# Your instructions
Only the lines holding "pour" are wanted; find them in the listing and return each one.

# Records for this exercise
================
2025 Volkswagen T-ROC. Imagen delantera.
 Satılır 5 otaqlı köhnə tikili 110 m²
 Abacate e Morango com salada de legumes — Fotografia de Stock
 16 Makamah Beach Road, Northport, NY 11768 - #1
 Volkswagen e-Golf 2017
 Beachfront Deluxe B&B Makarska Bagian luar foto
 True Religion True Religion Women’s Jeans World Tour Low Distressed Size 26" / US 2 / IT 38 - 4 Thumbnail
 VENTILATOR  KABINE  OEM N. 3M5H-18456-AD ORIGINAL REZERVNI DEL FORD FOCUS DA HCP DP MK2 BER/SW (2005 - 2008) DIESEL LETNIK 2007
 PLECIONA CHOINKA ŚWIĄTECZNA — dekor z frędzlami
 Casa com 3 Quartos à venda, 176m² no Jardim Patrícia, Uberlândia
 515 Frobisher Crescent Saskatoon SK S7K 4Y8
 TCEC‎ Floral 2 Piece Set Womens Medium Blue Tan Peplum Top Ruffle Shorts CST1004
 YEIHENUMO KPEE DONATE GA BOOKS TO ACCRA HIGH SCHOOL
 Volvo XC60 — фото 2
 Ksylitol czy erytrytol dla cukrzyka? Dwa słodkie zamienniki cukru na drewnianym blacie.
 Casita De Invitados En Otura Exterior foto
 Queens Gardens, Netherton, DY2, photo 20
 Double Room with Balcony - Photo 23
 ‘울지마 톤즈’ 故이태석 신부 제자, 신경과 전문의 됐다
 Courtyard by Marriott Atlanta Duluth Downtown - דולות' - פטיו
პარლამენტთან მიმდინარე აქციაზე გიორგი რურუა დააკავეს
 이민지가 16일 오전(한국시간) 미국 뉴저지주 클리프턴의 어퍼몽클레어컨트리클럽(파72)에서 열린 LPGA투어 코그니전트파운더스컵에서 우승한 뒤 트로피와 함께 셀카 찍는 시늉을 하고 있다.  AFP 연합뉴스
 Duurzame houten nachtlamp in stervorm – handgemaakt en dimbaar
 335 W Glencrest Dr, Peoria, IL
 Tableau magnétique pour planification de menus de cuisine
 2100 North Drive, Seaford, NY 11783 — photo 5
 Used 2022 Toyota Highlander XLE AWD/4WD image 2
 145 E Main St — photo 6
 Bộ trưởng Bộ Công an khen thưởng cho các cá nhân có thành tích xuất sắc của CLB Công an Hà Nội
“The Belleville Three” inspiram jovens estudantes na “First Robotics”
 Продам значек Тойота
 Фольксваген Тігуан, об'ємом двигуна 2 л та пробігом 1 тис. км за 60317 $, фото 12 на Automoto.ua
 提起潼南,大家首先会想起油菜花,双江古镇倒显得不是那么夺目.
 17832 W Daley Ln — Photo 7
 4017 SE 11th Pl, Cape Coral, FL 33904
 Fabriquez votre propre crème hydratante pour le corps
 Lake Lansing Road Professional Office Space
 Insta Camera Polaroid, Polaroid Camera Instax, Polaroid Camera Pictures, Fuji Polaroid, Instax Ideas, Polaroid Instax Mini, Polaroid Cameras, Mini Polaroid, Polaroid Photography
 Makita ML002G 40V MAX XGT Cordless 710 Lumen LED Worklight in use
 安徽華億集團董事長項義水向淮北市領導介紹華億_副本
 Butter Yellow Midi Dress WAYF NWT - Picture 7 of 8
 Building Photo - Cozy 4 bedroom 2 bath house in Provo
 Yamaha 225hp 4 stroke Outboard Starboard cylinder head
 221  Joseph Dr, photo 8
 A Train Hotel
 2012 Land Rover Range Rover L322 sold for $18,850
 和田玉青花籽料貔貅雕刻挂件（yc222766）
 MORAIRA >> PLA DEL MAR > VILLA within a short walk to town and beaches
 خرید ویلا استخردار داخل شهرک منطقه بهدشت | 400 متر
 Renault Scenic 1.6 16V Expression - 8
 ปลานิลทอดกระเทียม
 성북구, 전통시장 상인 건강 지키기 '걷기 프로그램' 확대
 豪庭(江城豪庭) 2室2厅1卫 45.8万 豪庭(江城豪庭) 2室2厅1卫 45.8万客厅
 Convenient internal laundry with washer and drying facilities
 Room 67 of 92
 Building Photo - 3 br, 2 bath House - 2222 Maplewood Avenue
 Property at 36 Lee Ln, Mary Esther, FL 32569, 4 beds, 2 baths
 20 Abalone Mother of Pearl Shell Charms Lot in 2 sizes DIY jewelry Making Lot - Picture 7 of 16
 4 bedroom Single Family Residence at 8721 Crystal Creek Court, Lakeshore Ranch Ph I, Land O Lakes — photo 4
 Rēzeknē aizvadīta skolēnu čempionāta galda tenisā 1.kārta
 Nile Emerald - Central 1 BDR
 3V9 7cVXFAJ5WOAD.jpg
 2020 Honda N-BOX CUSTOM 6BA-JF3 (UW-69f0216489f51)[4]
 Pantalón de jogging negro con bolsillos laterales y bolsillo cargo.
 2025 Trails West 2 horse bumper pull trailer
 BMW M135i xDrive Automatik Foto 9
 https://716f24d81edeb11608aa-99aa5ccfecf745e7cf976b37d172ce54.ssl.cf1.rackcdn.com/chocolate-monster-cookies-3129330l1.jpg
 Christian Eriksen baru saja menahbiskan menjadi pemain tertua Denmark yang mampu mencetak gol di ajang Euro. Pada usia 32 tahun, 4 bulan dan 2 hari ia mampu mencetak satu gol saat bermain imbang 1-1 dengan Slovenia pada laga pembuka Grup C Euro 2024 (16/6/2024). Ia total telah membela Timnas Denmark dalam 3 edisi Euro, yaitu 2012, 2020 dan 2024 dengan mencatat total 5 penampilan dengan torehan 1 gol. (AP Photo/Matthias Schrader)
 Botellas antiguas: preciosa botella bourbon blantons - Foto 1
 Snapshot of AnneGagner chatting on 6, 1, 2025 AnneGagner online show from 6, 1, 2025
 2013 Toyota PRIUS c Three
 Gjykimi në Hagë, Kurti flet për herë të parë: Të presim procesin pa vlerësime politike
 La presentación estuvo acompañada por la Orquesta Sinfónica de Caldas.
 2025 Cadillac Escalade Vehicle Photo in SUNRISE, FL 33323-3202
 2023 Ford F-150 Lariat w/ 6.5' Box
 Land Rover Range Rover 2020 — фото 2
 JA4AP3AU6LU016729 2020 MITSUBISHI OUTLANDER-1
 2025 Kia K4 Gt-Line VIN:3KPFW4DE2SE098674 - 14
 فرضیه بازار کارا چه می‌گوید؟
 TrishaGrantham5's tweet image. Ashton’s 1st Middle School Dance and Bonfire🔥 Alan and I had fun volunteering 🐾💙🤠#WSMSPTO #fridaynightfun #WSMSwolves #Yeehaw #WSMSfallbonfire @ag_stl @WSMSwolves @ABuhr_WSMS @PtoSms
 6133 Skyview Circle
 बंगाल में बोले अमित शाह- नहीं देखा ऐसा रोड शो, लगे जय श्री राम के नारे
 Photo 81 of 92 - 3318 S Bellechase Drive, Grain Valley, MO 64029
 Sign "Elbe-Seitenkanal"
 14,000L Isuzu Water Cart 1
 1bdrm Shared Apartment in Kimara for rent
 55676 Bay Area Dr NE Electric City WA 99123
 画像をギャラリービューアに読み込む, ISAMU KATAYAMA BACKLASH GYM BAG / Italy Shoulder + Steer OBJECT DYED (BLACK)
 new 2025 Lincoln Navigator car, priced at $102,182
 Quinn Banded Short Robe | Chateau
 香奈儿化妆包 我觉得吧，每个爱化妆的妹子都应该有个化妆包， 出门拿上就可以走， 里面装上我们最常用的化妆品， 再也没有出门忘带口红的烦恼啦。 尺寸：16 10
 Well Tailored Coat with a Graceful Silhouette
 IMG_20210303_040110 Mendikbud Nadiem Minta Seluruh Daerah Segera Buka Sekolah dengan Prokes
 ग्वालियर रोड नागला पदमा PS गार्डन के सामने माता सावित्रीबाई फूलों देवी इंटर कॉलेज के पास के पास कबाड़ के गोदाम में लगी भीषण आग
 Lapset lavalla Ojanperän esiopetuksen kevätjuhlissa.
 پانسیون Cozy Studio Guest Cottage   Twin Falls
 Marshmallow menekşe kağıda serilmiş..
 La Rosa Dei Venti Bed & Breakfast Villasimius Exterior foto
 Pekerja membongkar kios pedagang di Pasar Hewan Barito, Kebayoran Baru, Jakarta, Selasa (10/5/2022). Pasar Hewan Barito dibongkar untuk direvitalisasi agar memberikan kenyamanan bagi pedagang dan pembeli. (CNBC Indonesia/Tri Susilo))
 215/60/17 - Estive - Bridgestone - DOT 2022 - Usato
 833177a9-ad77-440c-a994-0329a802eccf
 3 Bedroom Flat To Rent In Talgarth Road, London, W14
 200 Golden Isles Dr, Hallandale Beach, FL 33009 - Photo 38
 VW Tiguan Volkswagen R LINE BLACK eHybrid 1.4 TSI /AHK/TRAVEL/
================
# Expected output
 Tableau magnétique pour planification de menus de cuisine
 Fabriquez votre propre crème hydratante pour le corps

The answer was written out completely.